Standing Forward Bend

Many of us have very tight hamstrings (muscles of the back of the thighs). Standing Forward Bend poses are great to stretch these muscles. When we sit for long hours, our hamstrings are in their shorter state. And when we exercise, these repetitively get contracted. If we neglect to stretch them, they get stiffer.

There are several versions of Standing Forward Bend poses. Each will work on your body slightly differently. The main muscles that will get stretched are the hamstrings and glutes (buttock muscles). But depending on which variation you choose, you can stretch your lower back, upper back and neck.

Half Forward Bend - Ardha Uttanasana

Half Forward Bend

  • Start in Mountain Pose.

  • Inhale, lengthen the spine, reaching up with the crown of your head.

  • As you exhale, tilt your pelvis forward, point your sitting bones toward the wall behind you and gently bring your chest forward and down.

  • Slide your hands down on the front of your thighs to support yourself.

  • Keep your head and neck in line with your spine, unless it creates pain in your neck. In this case, you can simply relax the head down.

  • Posture tip

    In Half Forward Bend, the goal is to hinge at the hips and keep the back flat. Do not round the lower back. If it starts to round, come up until you can flatten your back.

  • Feel the stretch in the glutes and hamstrings.

  • Slide the hands down as far as comfortable and contract your quadriceps to get deeper into the stretch.
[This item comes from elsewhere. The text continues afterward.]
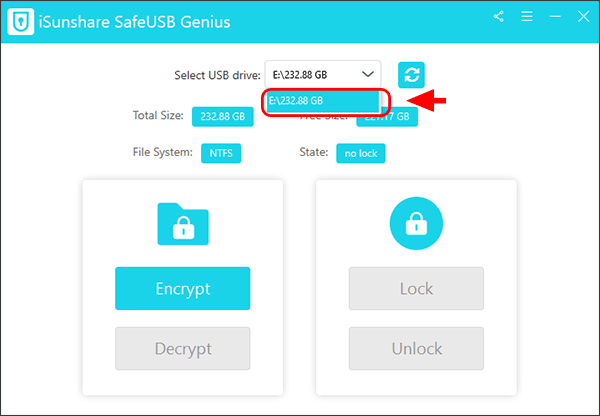 sélectionner un disque dur externe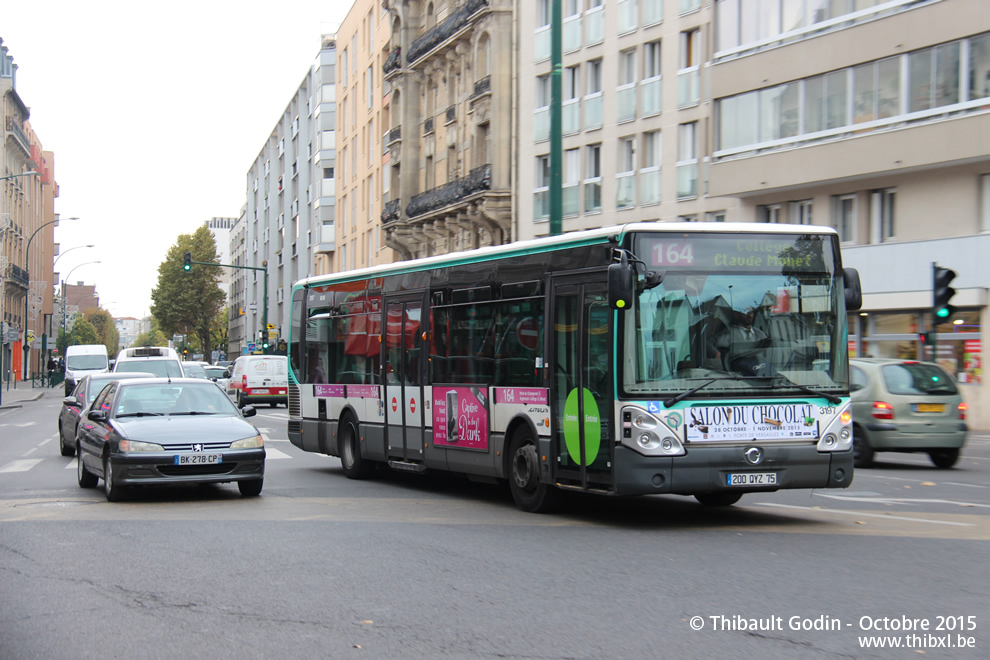 Bus 3197 (200 QYZ 75) sur la ligne 164 (RATP) à Colombes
Do not forcefully push yourself further than what your body is ready for. Feel a stretch, not pain. Hamstrings can be fragile and you could injure yourself by not respecting your body's limits.

Half Forward Bend



Variation - Hands on the floor

Try releasing the hands down to the floor, without rounding your back. If your back starts rounding, come up and use yoga blocks under each hand to make up for the gap or simply keep your hands on your legs.

Half Forward Bend


Variation - Hands up

To do Half Forward Bend with the hands at shoulder height:

Half Forward Bend

  • Start in Mountain Pose.

  • Inhale both arms up toward the ceiling, lengthening the spine.

  • As you exhale, tilt your pelvis forward, point your sitting bones toward the wall behind you and gently bring your chest forward and down. At the same time, reach out with your arms, keeping them in line with your torso.

  • Keep your head and neck in line with your spine, unless it creates pain in your neck. In this case, you can simply relax the head down.

  • Feel the stretch in the glutes and hamstrings.

  • Press your sitting bones toward the wall behind you and reach forward with your hands.

If you have tight shoulders, it will be difficult to get your hands up at shoulder height. But this is a good practice for your shoulders as it will strengthen them and help to open them up at the same time.

Standing Forward Bend - Uttanasana

To get into the posture, follow the same steps as in the Hands Up variation above. Then relax your hands, head and neck down. Bend the knees if your hamstrings ar tight. Release your hands to the floor or grab your big toes with the first two fingers. Press the elbows out and away from each other. Feel the added stretch on each side of your spine.

Standing Forward Bend


Main Target / Benefits
  • Stretches the hamstrings and glutes.

  • Strengthens the back and shoulders when doing the variation with the hands at shoulder height.
Caution / Recommendation
  • Lower back injury: Take extra care or avoid the variation with the hands up.

  • Hamstring injury: Take extra care or avoid the posture completely until healed.